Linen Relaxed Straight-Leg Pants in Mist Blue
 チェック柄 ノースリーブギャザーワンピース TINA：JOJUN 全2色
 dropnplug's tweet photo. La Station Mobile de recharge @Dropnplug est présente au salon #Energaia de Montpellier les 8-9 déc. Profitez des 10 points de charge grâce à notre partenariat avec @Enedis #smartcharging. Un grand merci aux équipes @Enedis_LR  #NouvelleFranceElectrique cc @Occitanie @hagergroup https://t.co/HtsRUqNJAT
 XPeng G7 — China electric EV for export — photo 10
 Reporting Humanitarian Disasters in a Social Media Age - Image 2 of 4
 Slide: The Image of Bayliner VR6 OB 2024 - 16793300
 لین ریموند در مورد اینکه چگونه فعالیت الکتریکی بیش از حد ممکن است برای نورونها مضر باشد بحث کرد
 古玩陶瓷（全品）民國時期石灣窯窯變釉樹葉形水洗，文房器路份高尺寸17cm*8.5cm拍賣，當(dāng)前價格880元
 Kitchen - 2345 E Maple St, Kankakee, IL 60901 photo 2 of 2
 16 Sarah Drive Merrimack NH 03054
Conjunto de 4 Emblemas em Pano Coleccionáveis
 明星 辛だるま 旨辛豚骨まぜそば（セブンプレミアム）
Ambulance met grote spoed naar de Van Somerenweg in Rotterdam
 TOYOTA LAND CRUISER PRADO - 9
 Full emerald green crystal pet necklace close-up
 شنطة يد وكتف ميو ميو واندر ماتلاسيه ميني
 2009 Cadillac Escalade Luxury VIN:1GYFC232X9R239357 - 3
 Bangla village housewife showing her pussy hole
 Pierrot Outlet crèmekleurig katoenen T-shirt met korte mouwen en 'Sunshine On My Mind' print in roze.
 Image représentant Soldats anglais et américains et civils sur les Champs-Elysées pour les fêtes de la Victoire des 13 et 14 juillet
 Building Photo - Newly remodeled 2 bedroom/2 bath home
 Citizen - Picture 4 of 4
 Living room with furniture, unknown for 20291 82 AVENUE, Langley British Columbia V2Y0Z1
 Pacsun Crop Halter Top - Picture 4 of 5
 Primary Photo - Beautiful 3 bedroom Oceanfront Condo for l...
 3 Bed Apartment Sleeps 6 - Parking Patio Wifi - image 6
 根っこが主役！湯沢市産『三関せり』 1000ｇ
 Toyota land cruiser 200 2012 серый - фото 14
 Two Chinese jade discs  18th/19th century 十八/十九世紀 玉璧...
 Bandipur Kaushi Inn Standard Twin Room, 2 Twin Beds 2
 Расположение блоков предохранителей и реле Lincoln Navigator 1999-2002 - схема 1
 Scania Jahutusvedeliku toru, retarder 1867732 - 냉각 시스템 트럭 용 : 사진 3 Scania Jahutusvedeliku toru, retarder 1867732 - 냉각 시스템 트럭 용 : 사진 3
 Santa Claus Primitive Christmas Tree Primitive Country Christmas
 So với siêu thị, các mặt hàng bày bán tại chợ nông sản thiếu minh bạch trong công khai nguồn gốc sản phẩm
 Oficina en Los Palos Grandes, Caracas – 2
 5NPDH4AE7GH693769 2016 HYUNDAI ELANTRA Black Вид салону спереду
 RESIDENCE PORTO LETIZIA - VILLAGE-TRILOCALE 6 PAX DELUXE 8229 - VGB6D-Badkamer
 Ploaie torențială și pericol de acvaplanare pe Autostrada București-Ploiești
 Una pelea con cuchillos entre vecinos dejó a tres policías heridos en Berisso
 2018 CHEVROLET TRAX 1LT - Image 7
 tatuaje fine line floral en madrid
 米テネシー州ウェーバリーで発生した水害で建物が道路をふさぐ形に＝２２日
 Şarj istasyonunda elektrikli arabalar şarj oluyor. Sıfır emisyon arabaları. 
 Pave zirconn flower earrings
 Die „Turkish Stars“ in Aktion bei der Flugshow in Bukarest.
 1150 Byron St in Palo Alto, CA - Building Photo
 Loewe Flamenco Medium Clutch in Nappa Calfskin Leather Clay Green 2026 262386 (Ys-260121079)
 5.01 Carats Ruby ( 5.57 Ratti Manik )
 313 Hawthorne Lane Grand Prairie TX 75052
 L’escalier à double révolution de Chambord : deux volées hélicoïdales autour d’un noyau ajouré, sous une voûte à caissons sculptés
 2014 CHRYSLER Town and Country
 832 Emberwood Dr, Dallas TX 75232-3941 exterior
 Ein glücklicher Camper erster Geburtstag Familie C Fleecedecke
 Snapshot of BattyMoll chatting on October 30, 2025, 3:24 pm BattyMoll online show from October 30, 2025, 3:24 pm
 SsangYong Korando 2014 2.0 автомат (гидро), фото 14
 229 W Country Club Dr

--*--

_EXERCISE GOAL_.
Look for the word "фото" in the records above, count the lines that hold it, and give only that number.

_WRITTEN ANSWER_.
2